While the NASCAR season-ending Chase for the Sprint Cup won't end until November, the world of computer-simulated stock cars crowned its champion this week, with Paul Alfalla driving his No. 2 Chevy Impala to a fifth-place finish on iRacing's virtual Miami-Homestead race track. His prizes include $10,500, championship swag delivered at the actual NASCAR race and having his name join a growing list of desk jockeys who could see time on real pavement.
Simulated racing has grown far past the point of just another networked game; iRacing's top series has backing from NASCAR, Formula 1 and other racing bodies, and the contests can be as competitive -- and nearly as complicated in vehicle set-up -- as those on a real track. Dozens of professional racers use iRacing rigs to practice unfamiliar tracks, and while the system can't model every moving part of a racecar, its approximations are close enough for most. One example: Earlier this year, real-world NASCAR teams started picking up speed by putting more "skew" in their rear suspensions, letting their cars slide through corners faster -- a trick the iRacing teams stumbled onto nearly simultaneously.

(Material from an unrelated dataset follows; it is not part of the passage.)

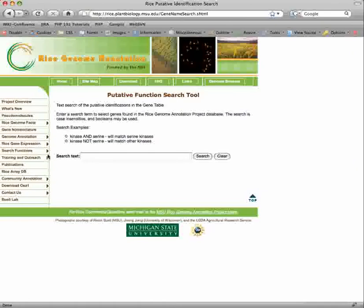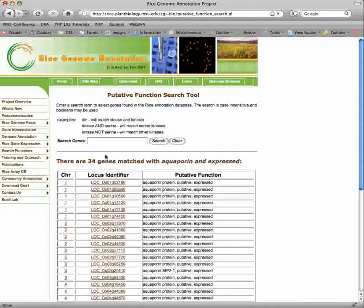On the putative function search page, we can search the functional annotation of the rice genes. Let's try 'aquaporin' and 'expressed.' This will give us only aquaporin genes that have experimental expression support. 34 genes in the rice genome are annotated with aquaporin and are expressed.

Alfalla, a student at Florida Gulf Coast University, has ranked among the premier iRacing members since winning the top-level NASCAR league last year. Many young racers also use iRacing for training, but the service has not turned desktop-only drivers into track heroes; iRacing road course champion Greger Huttu first turn in a real car ended with car sickness. Other players have made the leap, namely from the Nissan-sponsored academy for gamers of Sony's Gran Turismo. Alfalla has said he'd like a shot at a real ride, and given how much practice he's had behind the wheel of his monitor, he'd have more experience than some stock-car wannabes.